Segment Start: Exercise data
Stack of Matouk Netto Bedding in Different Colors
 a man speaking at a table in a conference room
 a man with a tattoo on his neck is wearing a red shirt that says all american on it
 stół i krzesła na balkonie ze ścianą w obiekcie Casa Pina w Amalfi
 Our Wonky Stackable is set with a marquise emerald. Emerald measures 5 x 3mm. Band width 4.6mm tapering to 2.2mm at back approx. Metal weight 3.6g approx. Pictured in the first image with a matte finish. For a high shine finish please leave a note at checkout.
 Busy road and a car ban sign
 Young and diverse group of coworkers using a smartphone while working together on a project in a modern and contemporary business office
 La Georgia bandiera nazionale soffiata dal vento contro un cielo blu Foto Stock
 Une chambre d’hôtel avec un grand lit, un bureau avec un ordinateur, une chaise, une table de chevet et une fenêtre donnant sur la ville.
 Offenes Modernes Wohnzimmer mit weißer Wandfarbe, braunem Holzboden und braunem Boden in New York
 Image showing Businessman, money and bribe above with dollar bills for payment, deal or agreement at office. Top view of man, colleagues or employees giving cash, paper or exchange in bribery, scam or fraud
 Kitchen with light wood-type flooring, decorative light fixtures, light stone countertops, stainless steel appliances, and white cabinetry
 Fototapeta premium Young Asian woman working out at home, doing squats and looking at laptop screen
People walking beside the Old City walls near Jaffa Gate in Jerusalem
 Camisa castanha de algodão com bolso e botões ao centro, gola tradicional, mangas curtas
Segment End: Exercise data
→ What this task involves
Write the lines out again exactly, from the one containing "Young and diverse" through the last line of the records, and include no other lines.

→ Exercise output
 Young and diverse group of coworkers using a smartphone while working together on a project in a modern and contemporary business office
 La Georgia bandiera nazionale soffiata dal vento contro un cielo blu Foto Stock
 Une chambre d’hôtel avec un grand lit, un bureau avec un ordinateur, une chaise, une table de chevet et une fenêtre donnant sur la ville.
 Offenes Modernes Wohnzimmer mit weißer Wandfarbe, braunem Holzboden und braunem Boden in New York
 Image showing Businessman, money and bribe above with dollar bills for payment, deal or agreement at office. Top view of man, colleagues or employees giving cash, paper or exchange in bribery, scam or fraud
 Kitchen with light wood-type flooring, decorative light fixtures, light stone countertops, stainless steel appliances, and white cabinetry
 Fototapeta premium Young Asian woman working out at home, doing squats and looking at laptop screen
People walking beside the Old City walls near Jaffa Gate in Jerusalem
 Camisa castanha de algodão com bolso e botões ao centro, gola tradicional, mangas curtas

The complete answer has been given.